-------- MATERIALS PROVIDED
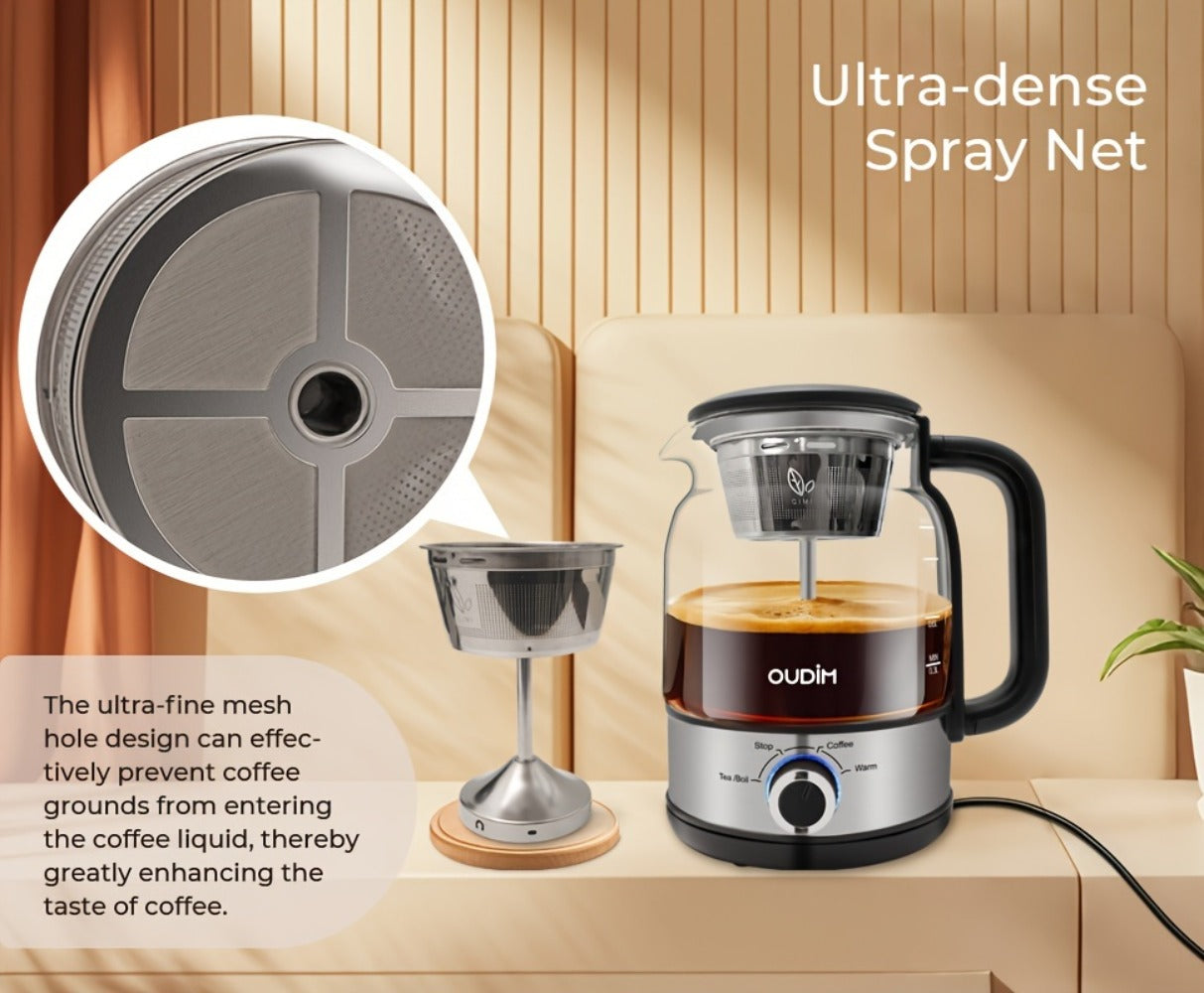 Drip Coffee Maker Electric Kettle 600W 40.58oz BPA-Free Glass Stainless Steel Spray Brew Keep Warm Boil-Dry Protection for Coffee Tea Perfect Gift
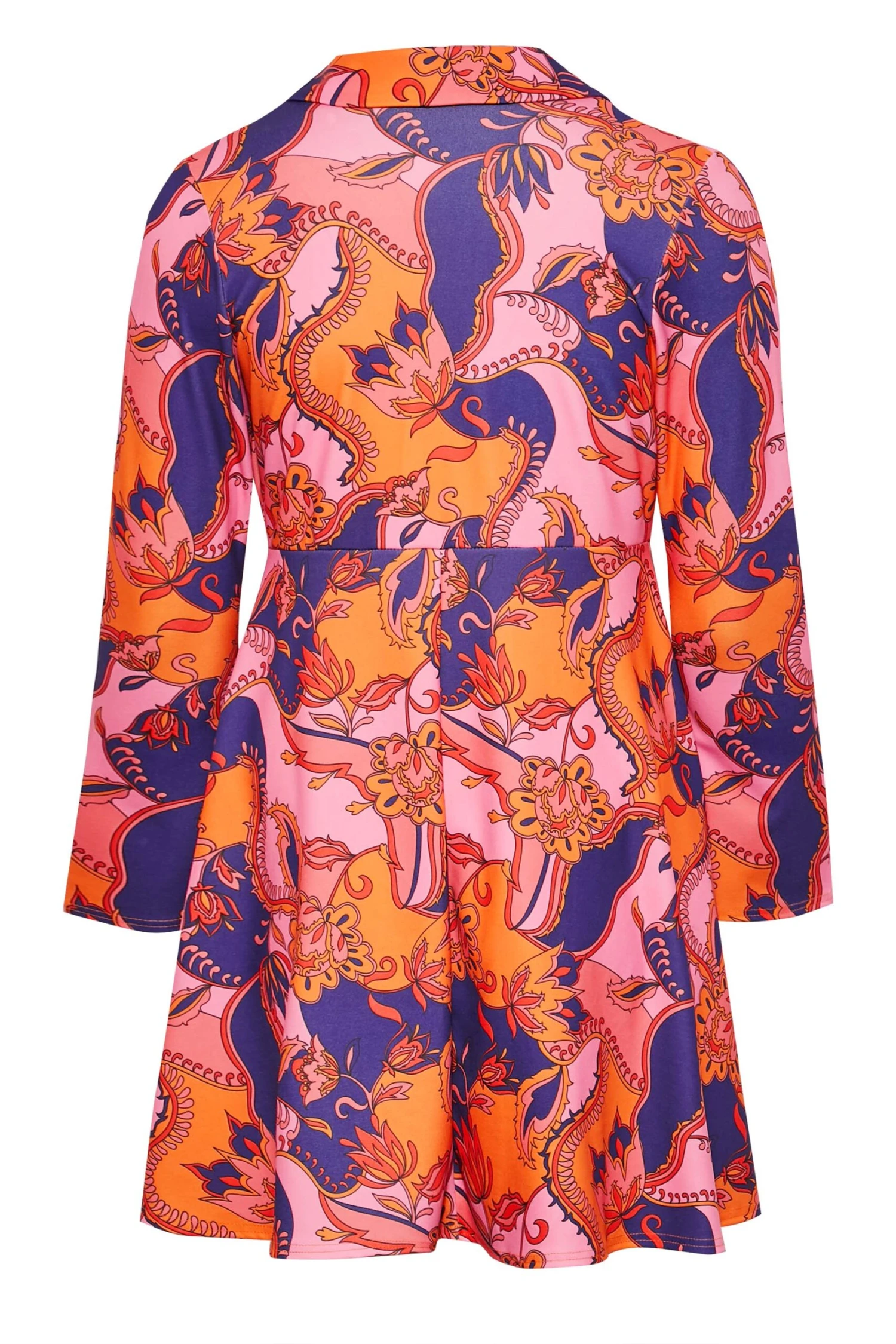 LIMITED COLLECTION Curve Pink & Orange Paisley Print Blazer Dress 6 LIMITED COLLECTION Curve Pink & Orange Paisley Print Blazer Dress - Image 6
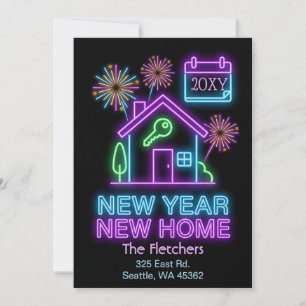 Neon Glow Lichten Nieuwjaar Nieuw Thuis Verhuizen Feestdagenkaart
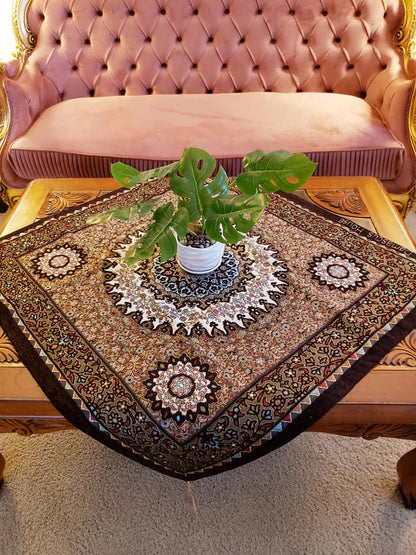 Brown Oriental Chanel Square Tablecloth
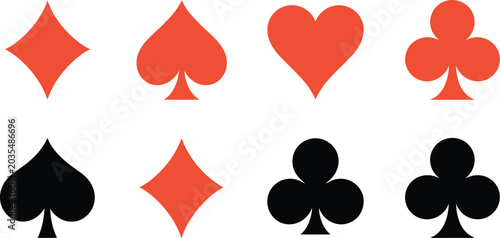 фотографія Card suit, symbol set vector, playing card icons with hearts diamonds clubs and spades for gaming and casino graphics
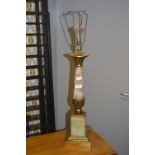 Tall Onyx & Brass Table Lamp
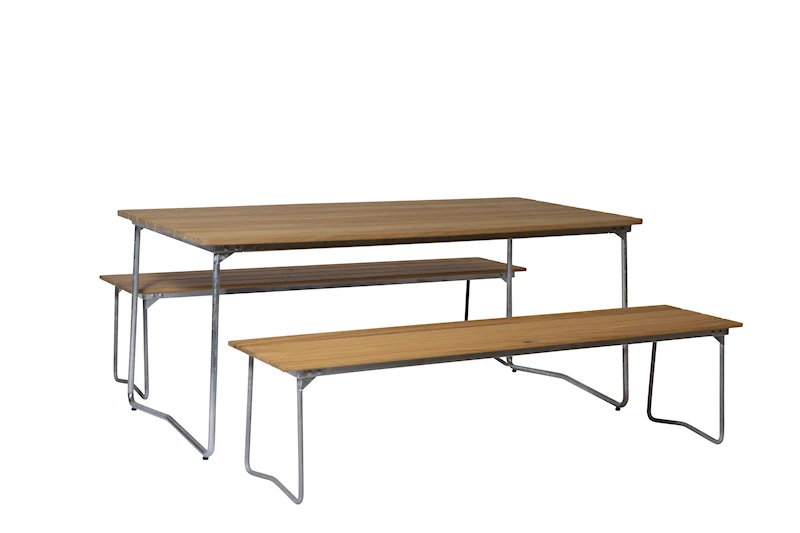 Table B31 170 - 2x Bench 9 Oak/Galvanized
----------------
#### INSTRUCTIONS TO FOLLOW:
Transcribe all of the data above verbatim but omit every picture.

#### REPLY TO THE TASK:
 Drip Coffee Maker Electric Kettle 600W 40.58oz BPA-Free Glass Stainless Steel Spray Brew Keep Warm Boil-Dry Protection for Coffee Tea Perfect Gift
 LIMITED COLLECTION Curve Pink & Orange Paisley Print Blazer Dress 6 LIMITED COLLECTION Curve Pink & Orange Paisley Print Blazer Dress - Image 6
 Neon Glow Lichten Nieuwjaar Nieuw Thuis Verhuizen Feestdagenkaart
 Brown Oriental Chanel Square Tablecloth
 фотографія Card suit, symbol set vector, playing card icons with hearts diamonds clubs and spades for gaming and casino graphics
 Tall Onyx & Brass Table Lamp
 Table B31 170 - 2x Bench 9 Oak/Galvanized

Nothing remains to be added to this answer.